Monday, September 29, 2014

potato no more!

In general, I want to dislike neatly-packaged "programs" that lead to "results."  For instance:  Dave Ramsey.  He seems so slick.  Almost like some kind of snake-oil salesman.  All the little slogans - it just seemed like groupthink.  But then I read the book, and my previous church started running his program.  And dang it.  It works.  His principles (which are really just the sound personal financial planning that we no longer learn from family or in school) help people get out of lethal debt and manage their finances so they can faithfully give.  I really didn't want it to work.  But it does.  I've used the debt snowball myself to great effect, and currently only owe student loans and my mortgage.

Another program I loved to hate was Couch to 5K.  This is super-straightforward.  It's a program of walking/jogging that promises to get you to running a 5K by the end of nine weeks.  It entails three weekly workouts that take no longer than 30 minutes.  I've seen people talking about it for years.  But I scoffed.  And I seemed to think that somehow, magically, I would just get in shape without having to start somewhere.

For a year after the birth of each of my children, I have taken a drug called domperidone to help me be able to nurse them more fully.  Along with a delightful herbal tea, domperidone has been a lifesaver for me.  But the ugly side effect of domperidone is increased appetite and inability to lose weight.  And boy, did each of those nasty effects hit me like a ton of bricks.

My pattern with both kids has been:  I lose almost all the weight I gained in pregnancy within eight or ten weeks of birth.  Then, because of the domperidone, I gain it all back (and then some) over the course of the baby's first year.  I stop taking the drug after baby's first birthday and realize that I've got some serious work to get back to a healthy size.

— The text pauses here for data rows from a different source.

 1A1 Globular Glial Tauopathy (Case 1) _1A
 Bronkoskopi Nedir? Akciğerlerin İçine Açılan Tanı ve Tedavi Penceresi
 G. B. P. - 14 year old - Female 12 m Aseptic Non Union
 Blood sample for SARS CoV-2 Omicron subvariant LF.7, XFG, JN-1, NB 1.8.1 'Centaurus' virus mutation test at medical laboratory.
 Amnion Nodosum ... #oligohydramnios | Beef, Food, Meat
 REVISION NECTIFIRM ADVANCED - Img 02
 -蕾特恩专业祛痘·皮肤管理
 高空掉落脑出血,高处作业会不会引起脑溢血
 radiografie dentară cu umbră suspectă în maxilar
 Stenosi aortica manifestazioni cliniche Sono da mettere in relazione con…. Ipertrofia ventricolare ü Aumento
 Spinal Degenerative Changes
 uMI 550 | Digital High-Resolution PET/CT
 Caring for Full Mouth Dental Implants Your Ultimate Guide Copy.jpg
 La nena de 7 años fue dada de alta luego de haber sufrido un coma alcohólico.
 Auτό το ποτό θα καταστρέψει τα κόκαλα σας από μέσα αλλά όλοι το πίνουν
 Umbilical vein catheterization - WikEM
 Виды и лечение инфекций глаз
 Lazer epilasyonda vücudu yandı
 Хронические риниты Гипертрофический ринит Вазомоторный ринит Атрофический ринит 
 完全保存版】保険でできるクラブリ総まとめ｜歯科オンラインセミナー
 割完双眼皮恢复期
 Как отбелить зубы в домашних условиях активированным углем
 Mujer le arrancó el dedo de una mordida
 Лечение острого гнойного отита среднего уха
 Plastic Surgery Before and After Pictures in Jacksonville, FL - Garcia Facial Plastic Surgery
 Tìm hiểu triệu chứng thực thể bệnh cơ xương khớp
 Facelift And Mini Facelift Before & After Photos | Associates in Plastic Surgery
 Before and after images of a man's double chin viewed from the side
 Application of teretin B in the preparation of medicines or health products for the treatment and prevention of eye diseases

So here I am three days after Todd's first birthday:  as big as I have ever been, even fully pregnant with either of my kids.

I realized, looking at that picture, that I needed to get serious - and fast - about getting fit.  I needed to get over my suspicion of a program like Couch to 5K.  So I jumped in.  I started the program.  I mapped the runs into a neat chart so that I could mark off finished workouts.  I breezed through the first week.  The second and third weeks took a little more effort, but I got it done.  I had bad foot and ankle pain that was immediately remedied by getting fitted for new shoes and inserts at our amazing neighborhood running store.  I found a super-duper sweet double jogging stroller on Craigslist for $85 and am now a dedicated Baby Jogger brand snob.  I was feeling really good about my progress, jogging with the kids on weekends, with the dog on my day off, and on our walking track at church during my lunch break.

And then I hit week 5, day 3:  walk 5, jog 20.  Twenty minutes of uninterrupted jogging proved to be really, really difficult for me.  I had to re-attempt probably two or three times before I was successful.  Weeks 7 and 8 really slowed me down.  We are getting into jogging pretty long portions:  25-28 minutes.  I will admit that I still have not finished the program! The final week is three workouts of walking 5 minutes, jogging 30 minutes.  I still can't quite do it.  But I work at it.  I jog 2-3 times per week.  And I feel amazing.

And I've lost a little over 20 pounds, to boot.  This is not the end of my "after" story, because I still have a long way to go.  This is really just the end of the beginning!  It's the beginning of me getting over my pride and my ridiculous objections to simple programs that encourage fitness.  I hope, if you're on the ledge, you can get over it too!